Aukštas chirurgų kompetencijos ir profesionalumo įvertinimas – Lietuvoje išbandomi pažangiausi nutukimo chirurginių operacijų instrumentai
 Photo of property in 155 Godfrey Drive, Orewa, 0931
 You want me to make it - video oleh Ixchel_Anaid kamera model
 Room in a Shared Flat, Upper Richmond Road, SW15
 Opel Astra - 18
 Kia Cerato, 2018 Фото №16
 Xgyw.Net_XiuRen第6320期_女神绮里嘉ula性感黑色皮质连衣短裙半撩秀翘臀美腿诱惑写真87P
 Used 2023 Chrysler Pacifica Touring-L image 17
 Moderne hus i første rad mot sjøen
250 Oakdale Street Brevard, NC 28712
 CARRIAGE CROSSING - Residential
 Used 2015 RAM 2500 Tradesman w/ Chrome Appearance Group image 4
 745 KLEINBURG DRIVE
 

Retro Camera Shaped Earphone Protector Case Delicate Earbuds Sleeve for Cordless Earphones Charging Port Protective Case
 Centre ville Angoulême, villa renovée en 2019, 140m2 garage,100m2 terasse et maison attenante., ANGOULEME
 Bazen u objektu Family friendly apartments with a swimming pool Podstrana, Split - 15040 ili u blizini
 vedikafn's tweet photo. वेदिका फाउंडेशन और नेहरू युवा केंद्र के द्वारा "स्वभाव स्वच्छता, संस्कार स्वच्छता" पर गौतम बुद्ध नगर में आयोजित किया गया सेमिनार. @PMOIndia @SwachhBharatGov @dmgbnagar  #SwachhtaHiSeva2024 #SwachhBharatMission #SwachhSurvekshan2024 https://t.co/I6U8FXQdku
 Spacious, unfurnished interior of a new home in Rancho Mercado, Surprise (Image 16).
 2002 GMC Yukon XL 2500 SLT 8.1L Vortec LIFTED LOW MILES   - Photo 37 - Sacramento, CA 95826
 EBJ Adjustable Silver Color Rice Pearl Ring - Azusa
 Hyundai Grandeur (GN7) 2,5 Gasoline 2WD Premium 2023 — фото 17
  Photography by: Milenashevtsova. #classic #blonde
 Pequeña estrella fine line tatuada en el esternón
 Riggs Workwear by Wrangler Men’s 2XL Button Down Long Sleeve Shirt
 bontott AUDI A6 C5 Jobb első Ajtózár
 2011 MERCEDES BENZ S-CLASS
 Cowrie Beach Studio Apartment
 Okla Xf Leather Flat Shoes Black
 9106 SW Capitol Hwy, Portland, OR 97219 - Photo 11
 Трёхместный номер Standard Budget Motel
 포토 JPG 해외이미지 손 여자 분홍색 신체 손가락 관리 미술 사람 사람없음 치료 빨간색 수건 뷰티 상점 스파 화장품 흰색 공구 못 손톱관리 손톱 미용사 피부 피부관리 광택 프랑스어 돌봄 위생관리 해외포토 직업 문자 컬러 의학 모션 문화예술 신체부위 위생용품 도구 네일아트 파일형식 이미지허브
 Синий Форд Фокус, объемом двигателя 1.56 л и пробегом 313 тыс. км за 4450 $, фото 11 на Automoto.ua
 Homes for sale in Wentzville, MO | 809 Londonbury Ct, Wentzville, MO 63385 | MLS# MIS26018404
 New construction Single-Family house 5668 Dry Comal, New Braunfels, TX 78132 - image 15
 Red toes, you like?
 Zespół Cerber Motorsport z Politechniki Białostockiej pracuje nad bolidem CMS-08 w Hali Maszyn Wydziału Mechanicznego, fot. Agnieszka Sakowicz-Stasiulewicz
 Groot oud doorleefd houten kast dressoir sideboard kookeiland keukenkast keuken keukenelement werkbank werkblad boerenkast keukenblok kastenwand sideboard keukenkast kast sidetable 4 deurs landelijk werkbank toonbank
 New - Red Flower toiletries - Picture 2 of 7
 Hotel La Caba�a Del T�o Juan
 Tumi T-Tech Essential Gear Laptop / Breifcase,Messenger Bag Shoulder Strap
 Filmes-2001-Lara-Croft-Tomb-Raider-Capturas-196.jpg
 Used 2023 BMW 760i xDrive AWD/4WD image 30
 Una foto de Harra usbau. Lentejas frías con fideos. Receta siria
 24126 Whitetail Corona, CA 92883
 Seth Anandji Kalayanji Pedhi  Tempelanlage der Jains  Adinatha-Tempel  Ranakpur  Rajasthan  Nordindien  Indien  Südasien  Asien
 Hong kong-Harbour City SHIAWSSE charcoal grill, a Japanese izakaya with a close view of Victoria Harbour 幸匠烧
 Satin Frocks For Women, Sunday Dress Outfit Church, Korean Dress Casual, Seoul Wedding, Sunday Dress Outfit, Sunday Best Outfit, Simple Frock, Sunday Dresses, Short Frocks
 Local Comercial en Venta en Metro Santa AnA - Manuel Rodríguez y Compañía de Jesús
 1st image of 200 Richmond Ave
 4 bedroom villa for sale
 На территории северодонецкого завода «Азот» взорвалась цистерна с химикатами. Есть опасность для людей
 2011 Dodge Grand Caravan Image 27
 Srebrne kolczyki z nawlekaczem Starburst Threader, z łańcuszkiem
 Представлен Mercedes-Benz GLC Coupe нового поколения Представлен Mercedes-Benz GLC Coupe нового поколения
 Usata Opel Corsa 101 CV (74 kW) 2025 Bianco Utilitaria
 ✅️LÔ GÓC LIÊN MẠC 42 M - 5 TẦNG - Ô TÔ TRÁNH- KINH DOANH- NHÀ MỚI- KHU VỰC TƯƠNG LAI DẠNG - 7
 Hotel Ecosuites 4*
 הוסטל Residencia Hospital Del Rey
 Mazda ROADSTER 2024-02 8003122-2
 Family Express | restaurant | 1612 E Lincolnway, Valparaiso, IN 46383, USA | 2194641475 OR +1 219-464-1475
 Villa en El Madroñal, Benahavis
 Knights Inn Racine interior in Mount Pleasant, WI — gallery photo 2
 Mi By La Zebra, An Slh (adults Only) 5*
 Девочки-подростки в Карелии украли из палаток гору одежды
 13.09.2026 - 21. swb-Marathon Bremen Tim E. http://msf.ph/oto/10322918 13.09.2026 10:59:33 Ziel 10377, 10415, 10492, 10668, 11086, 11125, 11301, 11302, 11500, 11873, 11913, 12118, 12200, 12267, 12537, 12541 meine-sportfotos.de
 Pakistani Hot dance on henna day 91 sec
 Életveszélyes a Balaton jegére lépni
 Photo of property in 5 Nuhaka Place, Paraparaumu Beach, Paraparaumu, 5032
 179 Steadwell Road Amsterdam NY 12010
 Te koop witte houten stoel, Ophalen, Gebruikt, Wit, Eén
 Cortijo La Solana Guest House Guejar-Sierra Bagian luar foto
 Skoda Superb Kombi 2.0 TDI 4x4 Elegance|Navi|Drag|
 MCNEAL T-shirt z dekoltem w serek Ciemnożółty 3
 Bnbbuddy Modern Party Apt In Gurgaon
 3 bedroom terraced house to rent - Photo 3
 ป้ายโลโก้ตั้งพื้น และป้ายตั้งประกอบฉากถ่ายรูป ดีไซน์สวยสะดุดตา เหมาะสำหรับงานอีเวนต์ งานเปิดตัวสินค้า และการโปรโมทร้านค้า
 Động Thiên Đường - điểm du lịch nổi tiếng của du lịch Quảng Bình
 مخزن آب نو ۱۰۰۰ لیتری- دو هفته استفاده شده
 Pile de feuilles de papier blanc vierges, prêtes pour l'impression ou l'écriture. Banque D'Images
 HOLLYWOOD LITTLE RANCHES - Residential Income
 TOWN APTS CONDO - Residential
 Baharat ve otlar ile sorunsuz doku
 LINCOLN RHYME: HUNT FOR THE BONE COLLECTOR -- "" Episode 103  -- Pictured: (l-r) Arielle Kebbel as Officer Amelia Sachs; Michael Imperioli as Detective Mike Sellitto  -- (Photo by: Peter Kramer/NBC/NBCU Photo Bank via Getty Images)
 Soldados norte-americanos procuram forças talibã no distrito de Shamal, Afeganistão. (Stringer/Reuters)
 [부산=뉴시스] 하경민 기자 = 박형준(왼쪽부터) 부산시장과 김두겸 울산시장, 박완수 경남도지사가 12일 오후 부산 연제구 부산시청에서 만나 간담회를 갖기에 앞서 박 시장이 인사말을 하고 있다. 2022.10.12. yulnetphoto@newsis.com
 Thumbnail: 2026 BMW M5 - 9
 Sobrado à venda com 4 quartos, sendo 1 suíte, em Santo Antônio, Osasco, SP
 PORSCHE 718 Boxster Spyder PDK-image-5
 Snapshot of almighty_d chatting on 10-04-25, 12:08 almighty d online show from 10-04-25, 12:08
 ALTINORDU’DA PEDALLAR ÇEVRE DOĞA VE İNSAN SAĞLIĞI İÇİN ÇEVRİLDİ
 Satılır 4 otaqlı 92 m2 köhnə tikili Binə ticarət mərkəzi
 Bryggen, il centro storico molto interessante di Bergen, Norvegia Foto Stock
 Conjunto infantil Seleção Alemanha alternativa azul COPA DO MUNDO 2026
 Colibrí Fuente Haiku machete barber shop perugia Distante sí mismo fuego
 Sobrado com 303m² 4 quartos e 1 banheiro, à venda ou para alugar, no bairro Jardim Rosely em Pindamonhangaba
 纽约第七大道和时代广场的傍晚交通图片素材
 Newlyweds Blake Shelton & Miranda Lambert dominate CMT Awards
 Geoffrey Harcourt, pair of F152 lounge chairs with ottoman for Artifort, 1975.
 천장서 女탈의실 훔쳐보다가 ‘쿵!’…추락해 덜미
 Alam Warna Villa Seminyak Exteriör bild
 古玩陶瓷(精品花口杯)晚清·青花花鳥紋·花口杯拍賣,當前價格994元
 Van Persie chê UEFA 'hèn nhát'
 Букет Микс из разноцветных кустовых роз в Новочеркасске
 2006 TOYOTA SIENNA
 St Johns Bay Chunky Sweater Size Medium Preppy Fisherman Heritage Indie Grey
☆ ☆ ☆ ☆ ☆ ☆ ☆
> _TASK PROMPT_
Write out exactly the lines above from the line with "Представлен Mercedes-Benz GLC Coupe нового поколения Представлен" through the line with "MCNEAL T-shirt z", both of them included, and leave out all other lines.

> _RESULT_
 Представлен Mercedes-Benz GLC Coupe нового поколения Представлен Mercedes-Benz GLC Coupe нового поколения
 Usata Opel Corsa 101 CV (74 kW) 2025 Bianco Utilitaria
 ✅️LÔ GÓC LIÊN MẠC 42 M - 5 TẦNG - Ô TÔ TRÁNH- KINH DOANH- NHÀ MỚI- KHU VỰC TƯƠNG LAI DẠNG - 7
 Hotel Ecosuites 4*
 הוסטל Residencia Hospital Del Rey
 Mazda ROADSTER 2024-02 8003122-2
 Family Express | restaurant | 1612 E Lincolnway, Valparaiso, IN 46383, USA | 2194641475 OR +1 219-464-1475
 Villa en El Madroñal, Benahavis
 Knights Inn Racine interior in Mount Pleasant, WI — gallery photo 2
 Mi By La Zebra, An Slh (adults Only) 5*
 Девочки-подростки в Карелии украли из палаток гору одежды
 13.09.2026 - 21. swb-Marathon Bremen Tim E. http://msf.ph/oto/10322918 13.09.2026 10:59:33 Ziel 10377, 10415, 10492, 10668, 11086, 11125, 11301, 11302, 11500, 11873, 11913, 12118, 12200, 12267, 12537, 12541 meine-sportfotos.de
 Pakistani Hot dance on henna day 91 sec
 Életveszélyes a Balaton jegére lépni
 Photo of property in 5 Nuhaka Place, Paraparaumu Beach, Paraparaumu, 5032
 179 Steadwell Road Amsterdam NY 12010
 Te koop witte houten stoel, Ophalen, Gebruikt, Wit, Eén
 Cortijo La Solana Guest House Guejar-Sierra Bagian luar foto
 Skoda Superb Kombi 2.0 TDI 4x4 Elegance|Navi|Drag|
 MCNEAL T-shirt z dekoltem w serek Ciemnożółty 3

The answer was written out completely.